Normal para um senhor com quase um século de vida (na verdade, aos 95 ele disse tchau e simplesmente partiu).
Partiu sem que eu pudesse dizer meu muito obrigado.
Mas lembro com os olhos marejados que o mais próximo que eu cheguei do mestre de voz suave, cabelos e bigode brancos foi na faculdade Estácio de Sá, em Niterói.
Morador há mais de 40 anos do bairro Pedro do Rio, em Petrópolis, Lan buscava sossego longe da Cidade Maravilhosa, onde viveu por muitos anos.
Nascido em 1925 na cidade de Montevarchi, na região italiana da Toscana, o craque da caricatura trabalhou como jornalista gráfico na Argentina, França e Uruguai.
Entre idas e vindas em solo verde e amarelo, em 1952, convidado por Samuel Wainer, começou a trabalhar no Última Hora, onde publicou um de seus trabalhos mais marcantes: uma caricatura do político Carlos Lacerda, em que retratava o arqui-inimigo de Getúlio Vargas como um corvo.
Mais tarde, o animal foi incorporado pelo próprio Lacerda a suas peças de propaganda.
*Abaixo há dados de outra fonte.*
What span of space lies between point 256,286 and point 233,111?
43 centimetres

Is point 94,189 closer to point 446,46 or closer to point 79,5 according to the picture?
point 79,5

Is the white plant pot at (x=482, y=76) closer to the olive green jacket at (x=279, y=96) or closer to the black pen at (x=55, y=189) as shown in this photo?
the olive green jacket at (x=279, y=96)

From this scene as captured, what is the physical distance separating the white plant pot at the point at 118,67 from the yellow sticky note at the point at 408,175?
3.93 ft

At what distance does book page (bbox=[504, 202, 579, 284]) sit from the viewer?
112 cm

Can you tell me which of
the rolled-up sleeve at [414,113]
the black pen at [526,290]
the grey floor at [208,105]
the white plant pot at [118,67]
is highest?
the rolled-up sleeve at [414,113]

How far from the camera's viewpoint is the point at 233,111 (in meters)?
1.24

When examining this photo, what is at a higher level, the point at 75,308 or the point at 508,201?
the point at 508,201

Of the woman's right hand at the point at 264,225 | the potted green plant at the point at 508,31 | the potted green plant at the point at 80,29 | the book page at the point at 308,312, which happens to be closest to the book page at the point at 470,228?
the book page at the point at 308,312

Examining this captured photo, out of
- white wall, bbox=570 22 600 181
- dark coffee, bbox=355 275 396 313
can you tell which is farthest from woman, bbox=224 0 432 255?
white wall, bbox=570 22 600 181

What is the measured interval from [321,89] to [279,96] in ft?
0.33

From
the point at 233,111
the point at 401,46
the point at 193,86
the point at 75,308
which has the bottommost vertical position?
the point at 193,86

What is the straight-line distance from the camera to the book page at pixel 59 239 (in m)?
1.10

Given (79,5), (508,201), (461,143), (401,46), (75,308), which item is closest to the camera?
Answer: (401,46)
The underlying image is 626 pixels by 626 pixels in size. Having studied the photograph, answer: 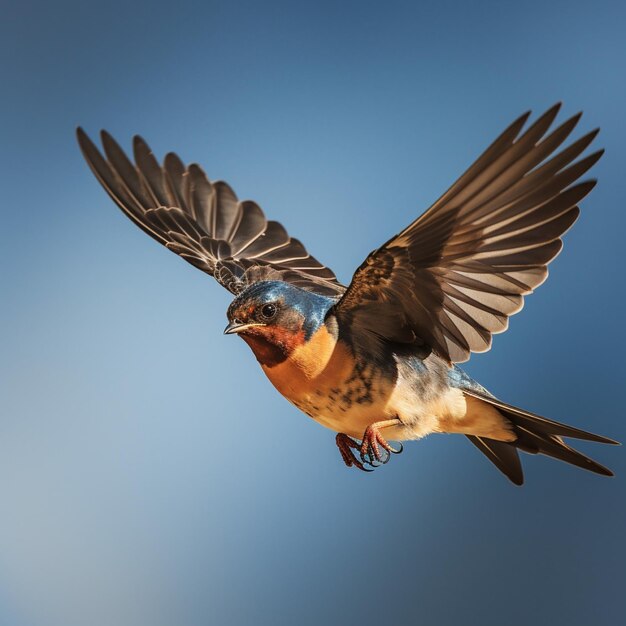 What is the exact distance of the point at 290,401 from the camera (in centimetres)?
371

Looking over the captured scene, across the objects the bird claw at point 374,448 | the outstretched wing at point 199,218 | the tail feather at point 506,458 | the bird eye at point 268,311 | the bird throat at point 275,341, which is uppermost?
the outstretched wing at point 199,218

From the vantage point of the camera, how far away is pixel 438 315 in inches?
144

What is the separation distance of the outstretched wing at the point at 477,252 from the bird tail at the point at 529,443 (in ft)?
1.61

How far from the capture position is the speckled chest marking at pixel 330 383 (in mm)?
3605

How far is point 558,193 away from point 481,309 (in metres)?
0.61

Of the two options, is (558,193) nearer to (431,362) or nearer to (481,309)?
(481,309)

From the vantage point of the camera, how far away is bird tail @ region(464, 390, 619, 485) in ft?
12.7

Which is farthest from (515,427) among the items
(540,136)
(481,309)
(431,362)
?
(540,136)

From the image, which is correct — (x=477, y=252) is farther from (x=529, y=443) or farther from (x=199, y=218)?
(x=199, y=218)

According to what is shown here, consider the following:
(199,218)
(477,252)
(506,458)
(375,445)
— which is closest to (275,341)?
(375,445)

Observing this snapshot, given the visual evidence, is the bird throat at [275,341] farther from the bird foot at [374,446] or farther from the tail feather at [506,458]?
the tail feather at [506,458]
Mas desenhar figuras emblemáticas da nossa política e corvos, não era a sua praia, embora mergulhasse em qualquer tipo de mar e surfasse com maestria nas ondas políticas, culturais, esportivas e figuras humanas.
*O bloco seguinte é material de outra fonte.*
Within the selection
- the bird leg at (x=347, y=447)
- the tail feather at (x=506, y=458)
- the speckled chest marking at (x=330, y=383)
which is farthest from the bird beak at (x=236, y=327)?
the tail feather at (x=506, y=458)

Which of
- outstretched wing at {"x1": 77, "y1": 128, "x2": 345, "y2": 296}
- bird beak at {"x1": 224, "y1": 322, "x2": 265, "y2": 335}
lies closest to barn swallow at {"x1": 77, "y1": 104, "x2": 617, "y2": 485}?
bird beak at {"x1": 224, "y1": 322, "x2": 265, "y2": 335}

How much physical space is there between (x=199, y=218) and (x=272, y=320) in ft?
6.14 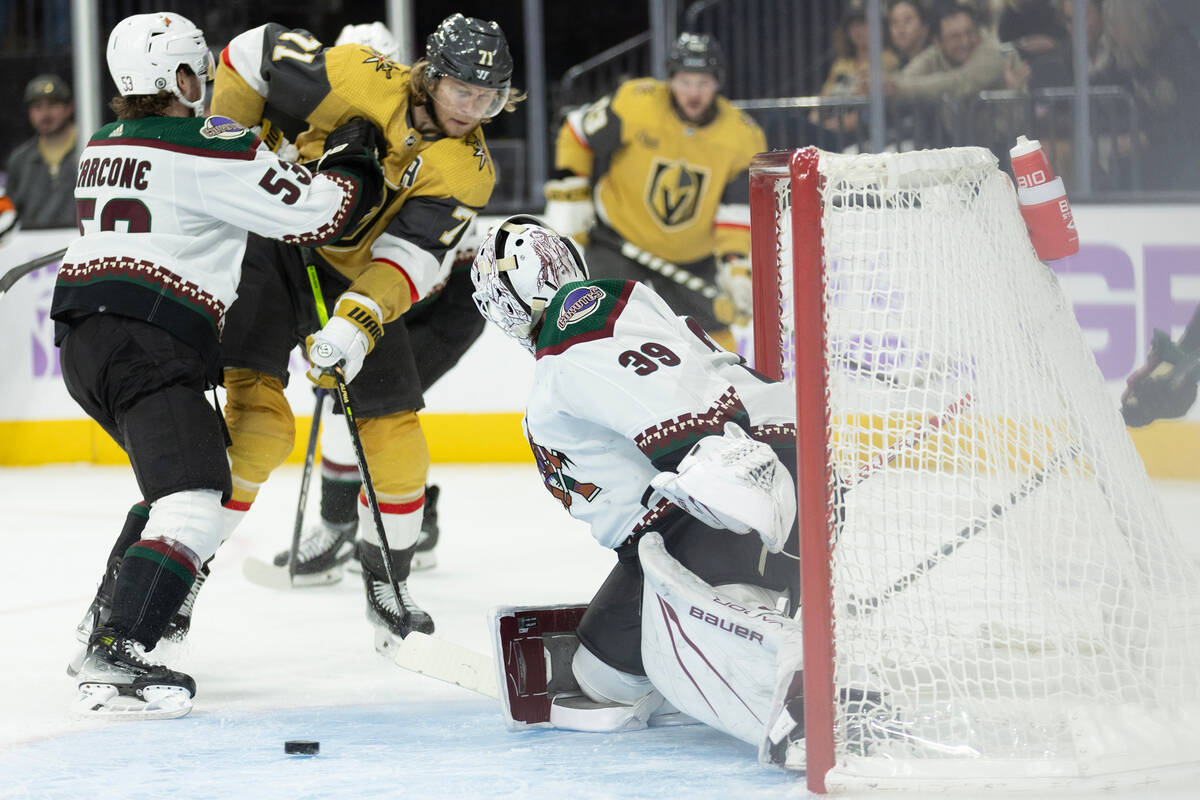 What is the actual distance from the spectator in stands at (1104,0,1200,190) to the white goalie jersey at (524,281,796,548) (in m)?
3.18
Antes de se transformar no chargista _hors concours_ no humor gráfico nacional, entrou no departamento de artes do Jornal do Brasil pela primeira vez em 1962 – onde permaneceu por 33 anos – e em seguida, retratou com a percepção aguçada o cotidiano dos cariocas sempre bem ilustrado na coluna ‘Cariocaturas’, no O Globo.
Desbravador do caminho tortuoso dos cartuns, charges e caricaturas na imprensa carioca, foi ele com seu imenso talento e altruísmo peculiar, que abriu caminho para Henfil e Ziraldo.
Já o paulistano Chico Caruso – a quem trouxe para o Rio de Janeiro, em 1978 -, titular do O Globo desde 1985 e o matogrossense Ique – único chargista bicampeão do prêmio Esso em 1991 e 1992 – devem muito ao velhinho de cabeça branca e bigode fino que escondia o sorriso sincero de quem fez muito por muita gente.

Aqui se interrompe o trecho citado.